Yucen Lily Li,Tim G. J. Rudner,Andrew Gordon Wilson
Abstract:Bayesian optimization is a highly efficient approach to optimizing objective functions which are expensive to query. These objectives are typically represented by Gaussian process (GP) surrogate models which are easy to optimize and support exact inference. While standard GP surrogates have been well-established in Bayesian optimization, Bayesian neural networks (BNNs) have recently become practical function approximators, with many benefits over standard GPs such as the ability to naturally handle non-stationarity and learn representations for high-dimensional data. In this paper, we study BNNs as alternatives to standard GP surrogates for optimization. We consider a variety of approximate inference procedures for finite-width BNNs, including high-quality Hamiltonian Monte Carlo, low-cost stochastic MCMC, and heuristics such as deep ensembles. We also consider infinite-width BNNs, linearized Laplace approximations, and partially stochastic models such as deep kernel learning. We evaluate this collection of surrogate models on diverse problems with varying dimensionality, number of objectives, non-stationarity, and discrete and continuous inputs. We find: (i) the ranking of methods is highly problem dependent, suggesting the need for tailored inductive biases; (ii) HMC is the most successful approximate inference procedure for fully stochastic BNNs; (iii) full stochasticity may be unnecessary as deep kernel learning is relatively competitive; (iv) deep ensembles perform relatively poorly; (v) infinite-width BNNs are particularly promising, especially in high dimensions.

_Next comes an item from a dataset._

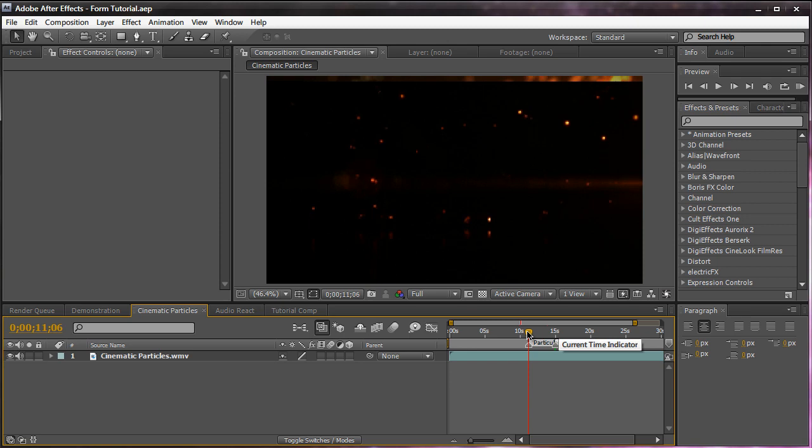Now in this scene right here, I actually use Particular. Now you can see that it looks a lot more realistic than Form. You can say it's embers. You can see it's little fire bits flying around. You see some nice reflections here and all that stuff.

What problem does this paper attempt to address?
### What problem does this paper attempt to solve?
This paper mainly explores the selection of surrogate models in Bayesian Optimization (BO). Specifically, the authors study the application of Bayesian Neural Networks (BNNs) as surrogate models in Bayesian Optimization and compare them with traditional Gaussian Processes (GPs).
#### Main problems:
1. **Surrogate model selection**: Although Gaussian Processes (GPs) are the most commonly used surrogate models in Bayesian Optimization, they have some limitations, such as being unable to handle non - stationarity and high - dimensional data naturally. Therefore, the authors propose whether other surrogate models, especially Bayesian Neural Networks (BNNs), should be considered to improve the performance of Bayesian Optimization.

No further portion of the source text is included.